╔══

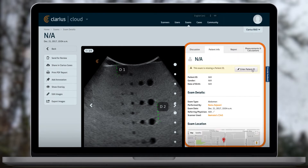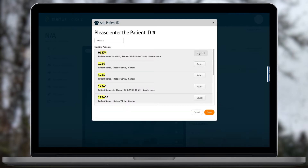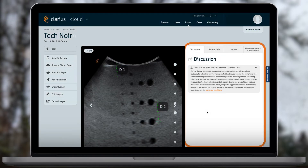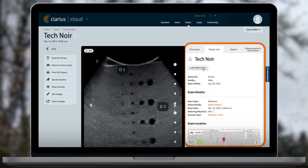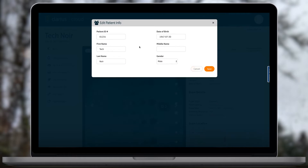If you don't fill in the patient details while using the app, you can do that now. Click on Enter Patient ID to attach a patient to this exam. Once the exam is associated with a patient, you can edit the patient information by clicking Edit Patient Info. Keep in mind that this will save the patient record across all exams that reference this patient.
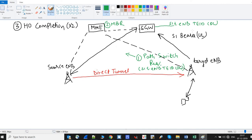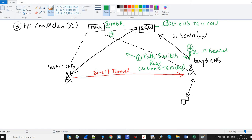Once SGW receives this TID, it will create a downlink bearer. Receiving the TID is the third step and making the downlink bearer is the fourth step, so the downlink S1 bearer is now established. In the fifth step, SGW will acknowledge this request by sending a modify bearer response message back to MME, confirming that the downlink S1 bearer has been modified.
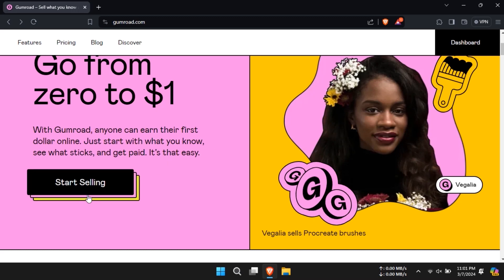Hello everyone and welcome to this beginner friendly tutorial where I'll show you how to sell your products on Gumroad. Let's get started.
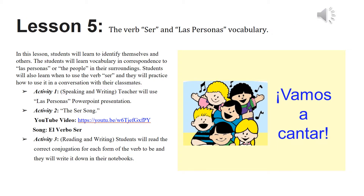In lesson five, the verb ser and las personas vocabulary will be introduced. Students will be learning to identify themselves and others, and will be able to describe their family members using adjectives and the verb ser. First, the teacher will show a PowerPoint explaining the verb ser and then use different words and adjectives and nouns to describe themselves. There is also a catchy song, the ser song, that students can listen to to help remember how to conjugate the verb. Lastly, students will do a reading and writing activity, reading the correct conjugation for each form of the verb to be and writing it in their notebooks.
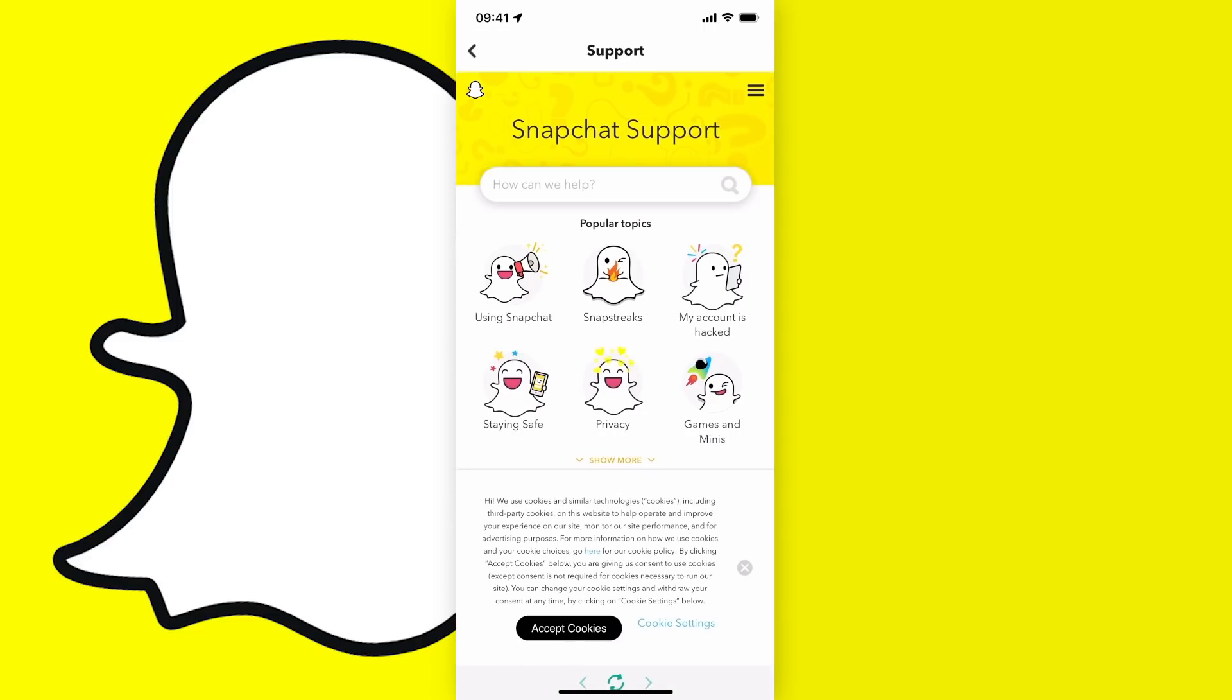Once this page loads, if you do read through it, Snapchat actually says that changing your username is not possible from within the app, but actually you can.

╚══

■ Directions ■
Repeat the line containing "Hello everyone and" and every line after it up to the end of the material above, exactly as they stand, minus the pictures.

■ Answer for the task ■
Hello everyone and welcome to this beginner friendly tutorial where I'll show you how to sell your products on Gumroad. Let's get started.
In lesson five, the verb ser and las personas vocabulary will be introduced. Students will be learning to identify themselves and others, and will be able to describe their family members using adjectives and the verb ser. First, the teacher will show a PowerPoint explaining the verb ser and then use different words and adjectives and nouns to describe themselves. There is also a catchy song, the ser song, that students can listen to to help remember how to conjugate the verb. Lastly, students will do a reading and writing activity, reading the correct conjugation for each form of the verb to be and writing it in their notebooks.
Once this page loads, if you do read through it, Snapchat actually says that changing your username is not possible from within the app, but actually you can.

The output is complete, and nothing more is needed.